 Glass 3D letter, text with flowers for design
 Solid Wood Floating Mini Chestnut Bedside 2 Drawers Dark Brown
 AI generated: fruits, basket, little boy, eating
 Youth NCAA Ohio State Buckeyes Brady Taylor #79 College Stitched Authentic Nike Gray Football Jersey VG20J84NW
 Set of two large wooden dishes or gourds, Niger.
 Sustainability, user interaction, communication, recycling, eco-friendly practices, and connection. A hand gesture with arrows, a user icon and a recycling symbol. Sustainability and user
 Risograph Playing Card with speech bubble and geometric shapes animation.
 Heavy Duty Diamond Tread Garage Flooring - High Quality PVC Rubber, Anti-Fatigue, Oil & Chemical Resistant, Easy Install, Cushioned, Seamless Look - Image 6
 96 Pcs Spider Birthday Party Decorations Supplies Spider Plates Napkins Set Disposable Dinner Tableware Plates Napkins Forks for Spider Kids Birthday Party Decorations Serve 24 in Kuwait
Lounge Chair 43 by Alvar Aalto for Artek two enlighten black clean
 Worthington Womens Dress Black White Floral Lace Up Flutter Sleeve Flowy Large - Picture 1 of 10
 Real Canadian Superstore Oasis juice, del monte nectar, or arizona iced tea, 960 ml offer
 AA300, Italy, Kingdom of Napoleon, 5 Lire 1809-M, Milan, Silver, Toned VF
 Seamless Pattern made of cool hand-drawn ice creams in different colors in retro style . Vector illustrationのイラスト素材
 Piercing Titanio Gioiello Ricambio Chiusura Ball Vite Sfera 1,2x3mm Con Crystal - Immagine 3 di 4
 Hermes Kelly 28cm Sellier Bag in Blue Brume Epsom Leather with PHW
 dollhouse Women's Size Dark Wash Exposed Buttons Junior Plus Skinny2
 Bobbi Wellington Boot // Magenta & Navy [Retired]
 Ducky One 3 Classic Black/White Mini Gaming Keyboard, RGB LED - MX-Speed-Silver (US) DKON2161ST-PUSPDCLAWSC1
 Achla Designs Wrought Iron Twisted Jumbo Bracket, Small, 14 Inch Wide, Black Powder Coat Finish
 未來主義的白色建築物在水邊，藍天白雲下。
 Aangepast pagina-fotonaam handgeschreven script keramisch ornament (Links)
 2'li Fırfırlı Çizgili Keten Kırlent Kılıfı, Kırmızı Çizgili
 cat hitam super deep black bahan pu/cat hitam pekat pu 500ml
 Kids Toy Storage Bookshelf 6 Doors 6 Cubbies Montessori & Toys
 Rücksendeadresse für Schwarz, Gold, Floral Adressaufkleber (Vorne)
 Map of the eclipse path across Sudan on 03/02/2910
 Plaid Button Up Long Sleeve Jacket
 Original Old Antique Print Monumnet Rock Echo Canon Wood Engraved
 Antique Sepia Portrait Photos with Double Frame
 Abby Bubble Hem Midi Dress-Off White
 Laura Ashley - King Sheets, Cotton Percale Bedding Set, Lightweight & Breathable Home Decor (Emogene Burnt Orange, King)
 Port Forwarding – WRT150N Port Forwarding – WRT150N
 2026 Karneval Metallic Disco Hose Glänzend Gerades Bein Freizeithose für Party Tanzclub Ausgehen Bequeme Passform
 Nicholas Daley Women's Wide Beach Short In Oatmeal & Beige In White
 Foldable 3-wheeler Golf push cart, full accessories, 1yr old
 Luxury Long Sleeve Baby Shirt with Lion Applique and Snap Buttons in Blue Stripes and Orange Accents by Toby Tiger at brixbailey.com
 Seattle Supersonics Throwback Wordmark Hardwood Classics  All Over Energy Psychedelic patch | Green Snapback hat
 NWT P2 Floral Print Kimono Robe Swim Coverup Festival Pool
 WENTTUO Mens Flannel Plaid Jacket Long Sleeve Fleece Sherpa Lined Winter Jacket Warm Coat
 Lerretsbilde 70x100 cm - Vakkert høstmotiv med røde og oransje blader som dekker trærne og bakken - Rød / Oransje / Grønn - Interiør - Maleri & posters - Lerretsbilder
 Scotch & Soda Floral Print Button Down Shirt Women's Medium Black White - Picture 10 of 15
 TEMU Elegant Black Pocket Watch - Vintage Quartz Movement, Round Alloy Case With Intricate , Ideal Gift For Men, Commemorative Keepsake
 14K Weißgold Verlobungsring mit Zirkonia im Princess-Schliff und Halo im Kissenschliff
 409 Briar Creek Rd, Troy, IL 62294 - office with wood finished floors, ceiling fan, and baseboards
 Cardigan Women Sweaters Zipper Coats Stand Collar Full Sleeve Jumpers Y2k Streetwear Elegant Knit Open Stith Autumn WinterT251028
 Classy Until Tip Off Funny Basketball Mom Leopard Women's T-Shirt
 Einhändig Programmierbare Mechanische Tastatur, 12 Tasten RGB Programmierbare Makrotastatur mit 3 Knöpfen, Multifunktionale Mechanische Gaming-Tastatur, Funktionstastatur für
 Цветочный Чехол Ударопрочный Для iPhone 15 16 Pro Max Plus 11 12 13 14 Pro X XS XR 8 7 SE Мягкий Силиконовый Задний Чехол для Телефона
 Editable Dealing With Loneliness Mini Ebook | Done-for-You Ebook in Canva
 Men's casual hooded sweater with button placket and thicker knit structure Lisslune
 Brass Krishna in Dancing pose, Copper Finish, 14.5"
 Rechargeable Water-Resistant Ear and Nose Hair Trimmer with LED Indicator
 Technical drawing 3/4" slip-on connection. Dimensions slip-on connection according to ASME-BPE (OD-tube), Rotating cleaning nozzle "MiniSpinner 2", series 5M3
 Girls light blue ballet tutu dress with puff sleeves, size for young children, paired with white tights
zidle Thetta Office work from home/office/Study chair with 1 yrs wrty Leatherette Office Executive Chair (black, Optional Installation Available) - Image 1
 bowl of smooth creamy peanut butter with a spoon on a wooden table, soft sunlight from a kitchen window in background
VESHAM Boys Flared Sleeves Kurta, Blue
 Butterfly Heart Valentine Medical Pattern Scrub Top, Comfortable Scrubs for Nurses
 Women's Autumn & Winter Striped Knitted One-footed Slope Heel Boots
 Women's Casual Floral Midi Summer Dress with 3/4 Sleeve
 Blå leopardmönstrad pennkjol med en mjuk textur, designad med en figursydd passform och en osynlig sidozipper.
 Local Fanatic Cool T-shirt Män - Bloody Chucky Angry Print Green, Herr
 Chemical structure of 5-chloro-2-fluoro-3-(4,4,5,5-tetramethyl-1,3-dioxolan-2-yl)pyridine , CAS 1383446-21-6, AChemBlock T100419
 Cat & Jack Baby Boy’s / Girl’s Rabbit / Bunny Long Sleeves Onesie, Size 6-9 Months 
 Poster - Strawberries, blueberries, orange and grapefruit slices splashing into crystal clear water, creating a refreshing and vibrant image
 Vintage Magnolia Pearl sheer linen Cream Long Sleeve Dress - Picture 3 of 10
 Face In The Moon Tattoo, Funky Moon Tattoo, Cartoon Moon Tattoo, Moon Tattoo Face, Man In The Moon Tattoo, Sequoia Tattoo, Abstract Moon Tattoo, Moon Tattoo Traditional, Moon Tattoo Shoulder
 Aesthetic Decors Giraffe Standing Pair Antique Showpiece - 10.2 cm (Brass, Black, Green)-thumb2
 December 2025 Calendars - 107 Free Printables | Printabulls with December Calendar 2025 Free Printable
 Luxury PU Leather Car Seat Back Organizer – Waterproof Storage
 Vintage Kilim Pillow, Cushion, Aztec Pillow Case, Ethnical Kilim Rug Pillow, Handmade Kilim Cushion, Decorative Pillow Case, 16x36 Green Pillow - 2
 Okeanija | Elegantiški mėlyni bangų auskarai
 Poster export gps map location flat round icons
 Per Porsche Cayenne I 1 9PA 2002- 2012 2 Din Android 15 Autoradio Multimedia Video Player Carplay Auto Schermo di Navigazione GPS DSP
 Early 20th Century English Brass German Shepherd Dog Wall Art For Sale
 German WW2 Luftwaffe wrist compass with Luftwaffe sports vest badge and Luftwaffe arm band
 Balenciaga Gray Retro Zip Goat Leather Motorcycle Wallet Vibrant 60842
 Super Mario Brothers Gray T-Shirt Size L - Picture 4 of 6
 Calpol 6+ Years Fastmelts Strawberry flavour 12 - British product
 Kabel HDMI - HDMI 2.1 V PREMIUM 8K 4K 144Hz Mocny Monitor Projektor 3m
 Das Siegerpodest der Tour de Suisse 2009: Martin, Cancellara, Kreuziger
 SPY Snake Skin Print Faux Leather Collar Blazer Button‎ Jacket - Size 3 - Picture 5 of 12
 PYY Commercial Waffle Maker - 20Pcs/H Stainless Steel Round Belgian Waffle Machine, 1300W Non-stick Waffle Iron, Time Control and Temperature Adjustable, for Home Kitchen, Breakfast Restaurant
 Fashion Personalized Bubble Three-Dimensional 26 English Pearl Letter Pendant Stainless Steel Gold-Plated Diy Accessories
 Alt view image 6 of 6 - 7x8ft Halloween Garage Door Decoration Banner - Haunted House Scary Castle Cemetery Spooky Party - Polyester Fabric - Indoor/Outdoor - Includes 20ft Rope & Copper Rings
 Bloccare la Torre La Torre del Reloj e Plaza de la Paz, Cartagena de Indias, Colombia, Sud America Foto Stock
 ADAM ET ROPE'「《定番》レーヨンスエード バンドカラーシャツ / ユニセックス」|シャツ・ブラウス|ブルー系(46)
§ §
Set down, word for word, only the lines running from the line with "Bloccare la Torre" to the last line of the listing above. Both of those lines belong in your answer.

== TASK OUTPUT ==
 Bloccare la Torre La Torre del Reloj e Plaza de la Paz, Cartagena de Indias, Colombia, Sud America Foto Stock
 ADAM ET ROPE'「《定番》レーヨンスエード バンドカラーシャツ / ユニセックス」|シャツ・ブラウス|ブルー系(46)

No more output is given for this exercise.